Totuuden Torvi was able to continue after a break of one year in March 1947. Getting paper was still difficult and Hentunen apparently had to rely on the black market, which increased costs. The paper, however, became more popular than ever. Most severe criticism was now aimed at the communists. The writings influenced the government's willingness to impose stricter censorship laws in early 1947. In August 1947, the anti-USSR writings led to the seizure of an issue under martial law. The magazine had dealt with Finns returning from the Soviet Union and the Porkkala Naval Base, which was being leased to the Soviet Union. Hentunen subsequently printed flyers named Kansa huutaa ("The people shout"), which were also banned. Later that same year, Totuuden Torvi was once again permitted to continue when the exemption laws were repealed.

== Elections ==

Results
Parliament
| Year | MPs | Votes |  |
| 1945 | 0 | 1,623 | 0.10% |
| 1948 | 0 | 5,162 | 0.27% |
| 1951 | 0 | 4,486 | 0.25% |

The Radical People's Party began to prepare for the March 1945 parliamentary elections in January. The party offered an electoral coalition to the Finnish People's Democratic League and the Socialist Parliamentary Group (also known as the Sixes). However, they refused, and the party was left alone in the elections. Their purpose was to participate in elections around the country, but eventually the party only managed to present lists in Uusimaa. In the Häme North constituency all the radical lists and candidates were rejected due to errors contained in the papers. The party was not allowed to speak on the radio like the other parties.

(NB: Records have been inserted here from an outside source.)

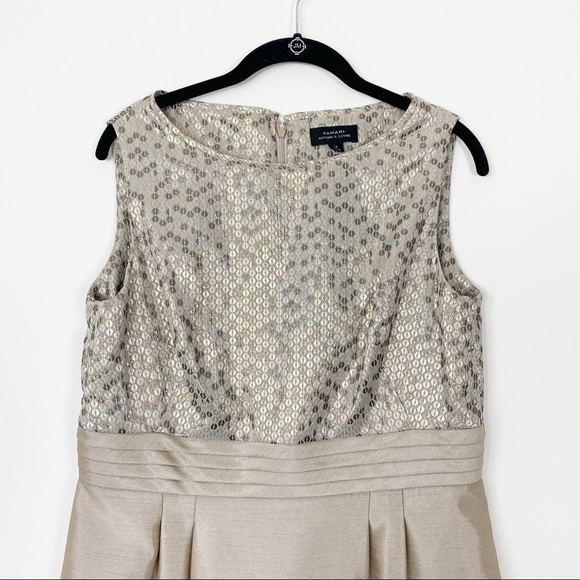 TAHARI ASL Gold Metallic Pleated Sheath Dress 12 Holiday Wedding Cocktail Party - Picture 3 of 7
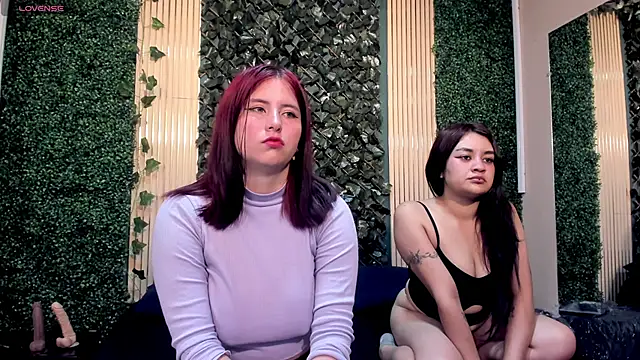 Snapshot of Lucy_and_Karoline chatting on November 14, 12:04 pm Lucy and Karoline online show from November 14, 12:04 pm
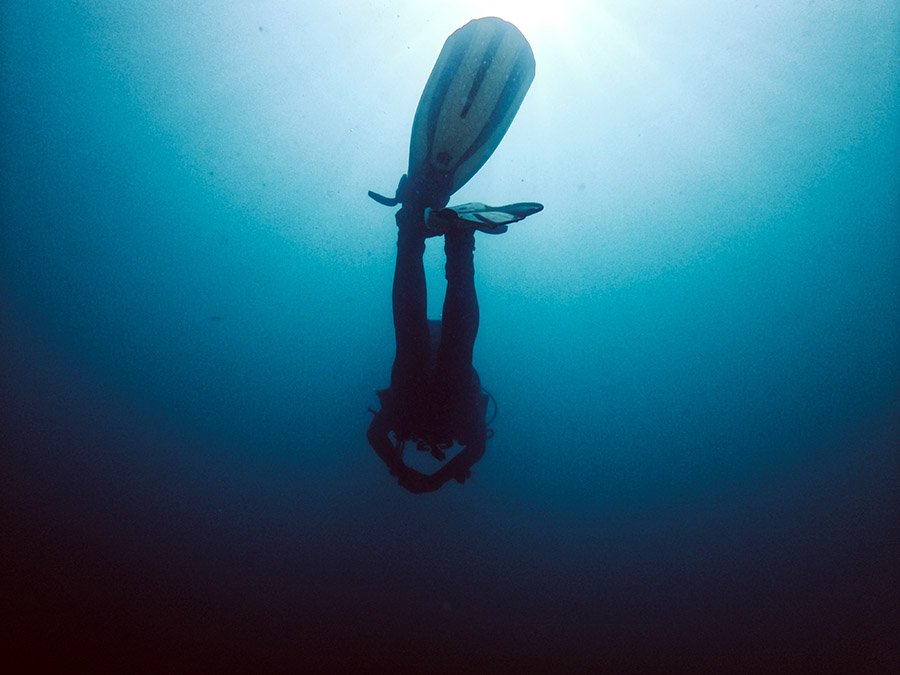 How deep can you scuba dive - Guide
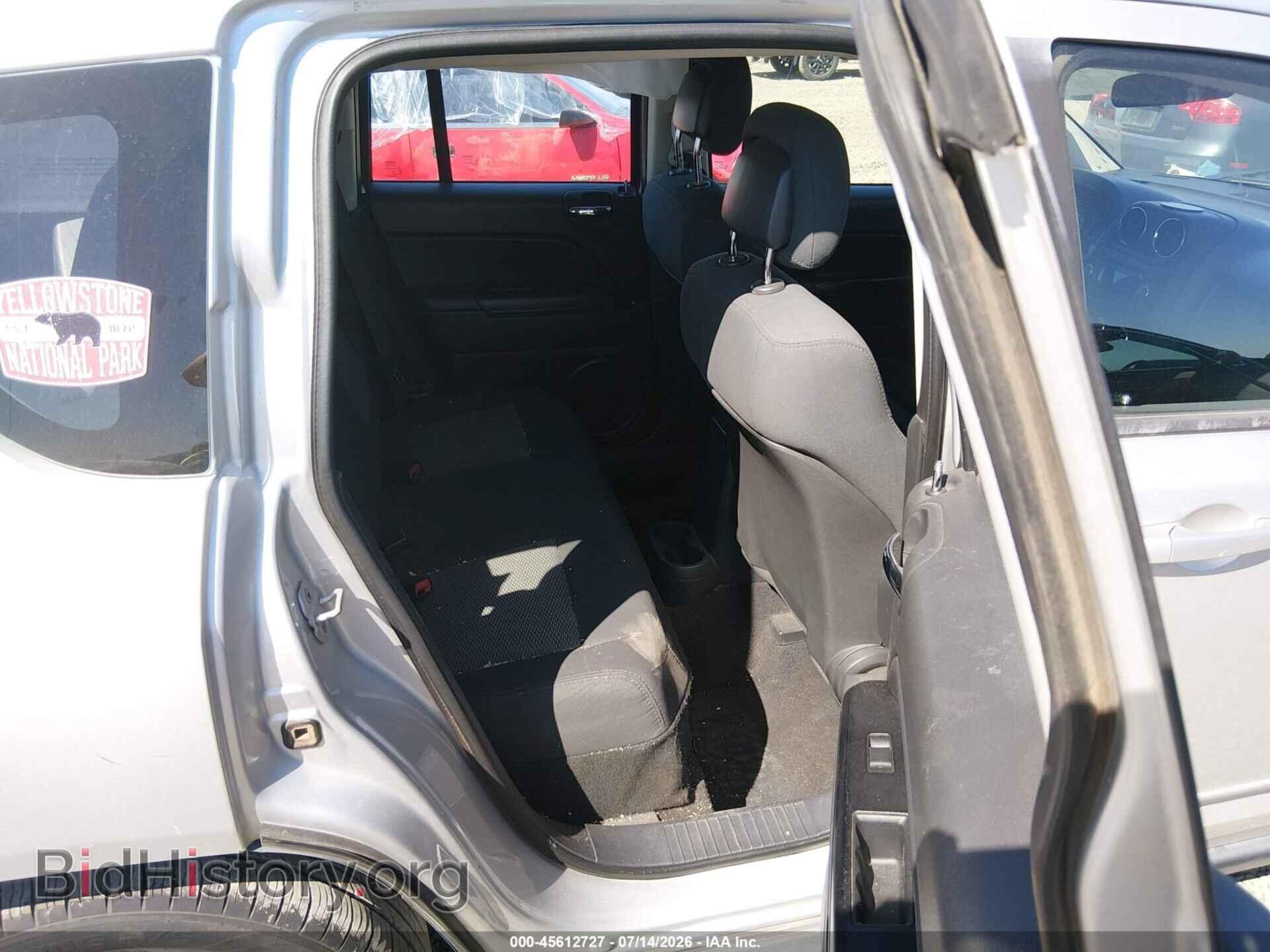 2010 JEEP COMPASS - VIN: 1J4NF4FB7AD649321 - Photo 8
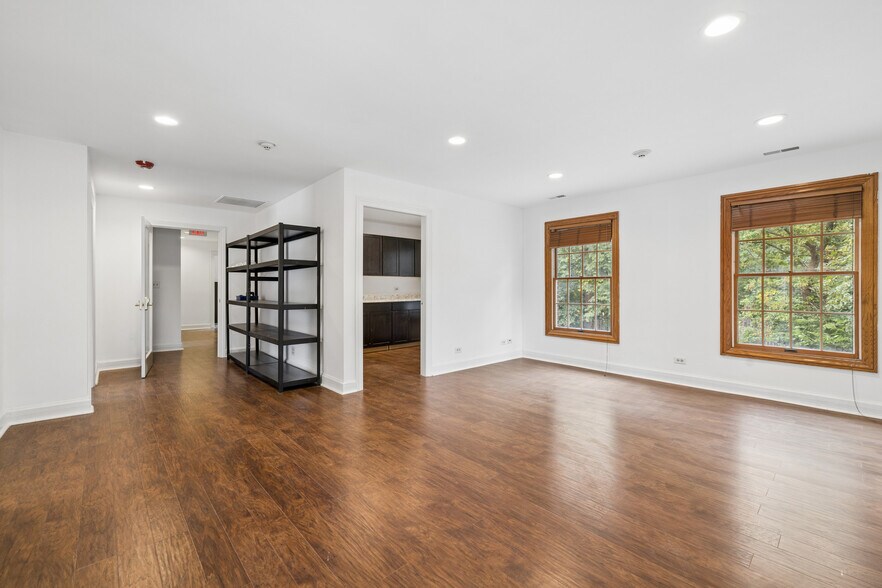 More Photos Of 4215 Kirchoff Rd, Rolling Meadows Office For Sale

In 1947, the radicals took part in the city council elections in Helsinki with six lists. Election Manifesto emphasized particularly some construction projects, and the campaign attacked the Communists. Hentunen rose to the council.

The 1948 parliamentary election campaign was marked by internal party disputes. Two rival radical parties participated and fought each other. Hentunen's radicals had lists in six constituencies (Tavastia South, Tavastia North Kuopio West, Kymi, Uusimaa, Vaasa East) and those led by Toivo Avokari in two (Kymi, Uusimaa). One of the four candidates of the Avokari faction was Veikko Lavi. The campaign slogan for the Hentunen faction was: "Justice to all, Communism for no-one." The radicals planned electoral alliances with the Smallholders Party and the Christian Workers' Party but they did not materialize.

In the Finnish presidential election 1950 the party called for an electoral boycott because there were no suitable candidates. In the 1951 parliamentary elections the radicals had 27 candidates, more than ever before. Party lists stood in five constituencies (Kuopio West, Kymi, Uusimaa, Vaasa South and Vaasa East) and chairman Hentunen was present in all of these.

The party called for a reform to the electoral law. The radicals wanted to make the country into one single constituency, to reduce the number of MPs by half, to limit MPs serving to two periods and to raise the eligibility age of candidates to 40 years.